The Generalized Bass Model predicts the volume of a new model by using the historical data of other products. It calculates the similarity of the new product and old product and then estimates how new products get adopted in a population.  

As we have seen in the EDA section, CO2 emissions are strictly related to the production of goods and services within the borders of the countries. That in turn is related to economic behaviors, as the high correlation between CO2 and GDP let us understand. So we decided to make use of diffusion models such as BM and GBM, to try to predict the behavior of CO2 trends, even knowing that there are 2 main problems in our series:
- We didn't take the series from the beginning, since there are no data or they are hard to find about CO2 emission before1960, but we limited our series to begin from a storical minimum.
- We already have a lot of data and, in some cases (for developed countries), it seems that the trend already reached a peak in the emissions, that explains the reason behind the good estimations of some models.

In the first point we developed a standard Bass Model for all the countries to get the parameters that we then used to train the GBM, and for this last one we will see more in particular how it fits the data and estimate the parameters. Moreover for different countries we are going to see the shocks we applied to the models and give some possible historical reasoning for the presence of them in the time series (that we didn’t demonstrate with statistics to avoid fall in too much complexity) 


In [None]:
install.packages("DIMORA")
library(DIMORA)
library(readxl)

### Italy

In [None]:
##### Bass standard model on CO2 emission to get the coefficents
BM<- BASS.standard(Italy$co2, display=T)
summary(BM)
coef(BM)
BM.fitted <- fitted(BM)
predictedBM <- predict(BM,newx = 45:48)
plot(BM, mode ="i", oos="y", xlim=c(1,50))
lines(train)

check plot below

In [None]:
#####GBM, 1 exponential shock 
GBMe1<- BASS.generalized(Italy$co2, shock = "mixed", nshock = 2, 
                         prelimestimates = c(40587275.90, 0.0078, 0.024, 39, .05, -.1, 12, 20, -.2),
                         display=F, max.iter=60) # , 45, 0.1, 0.2
summary(GBMe1)
GBM.fitted<- fitted(GBMe1)
coef(GBMe1)
#residuals(GBMe1)
predictedGBM<- predict(GBMe1,newx = 45:48)
plot(GBMe1, mode ="i", oos="y", xlim=c(1,50))

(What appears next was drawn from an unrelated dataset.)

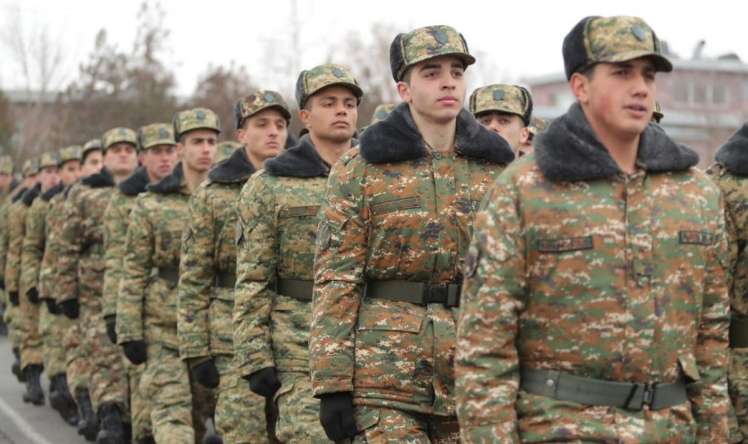Ermənistan ordusunda əsgər ölümü artır 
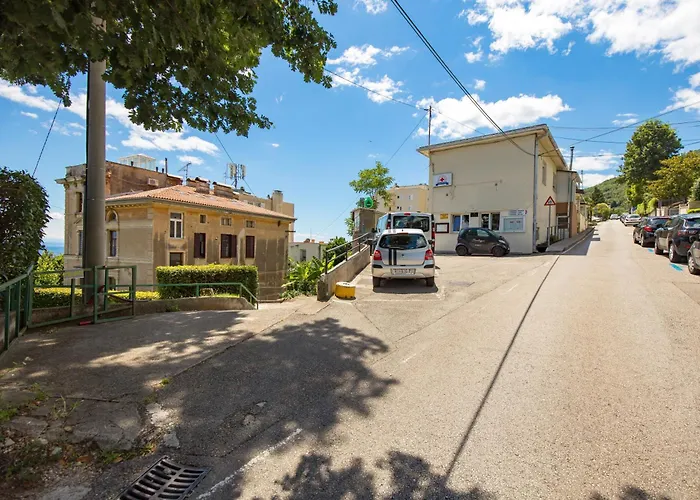 Paradise View Deluxe Apartment *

Let’s start with Italy where we modeled 2 shocks:
a negative rectangular between lags 11 and 32
a negative exponential after lag 39, with a slow memory that will take the model to fastly decrease as we will see in a few.

In [None]:
####graphical inspection of BM e GBMe1
BMS.fitted <- cbind.data.frame(GBM.fitted, BM.fitted, Italy$years)
colnames(BMS.fitted) <- c("gbm", "bm", "years")
# BMS.pred <- cbind.data.frame(predictedGBM, predictedBM, test$years)
# colnames(BMS.pred) <- c("gbm", "bm", "years")

ggplot()+
    geom_line(data=train, aes(x= years,y=co2, color="Actual Train"))+
    geom_line(data=test, aes(x= years,y=co2, color="Actual Test"))+

    geom_line(data=BMS.fitted, aes(x=years,y=gbm, color="GBM"))+
    #geom_line(data=BMS.pred, aes(x=years,y=gbm, color="GBM"))+

    geom_line(data=BMS.fitted, aes(x=years,y=bm, color="BM"))
    #geom_line(data=BMS.pred, aes(x=years,y=bm, color="BM"))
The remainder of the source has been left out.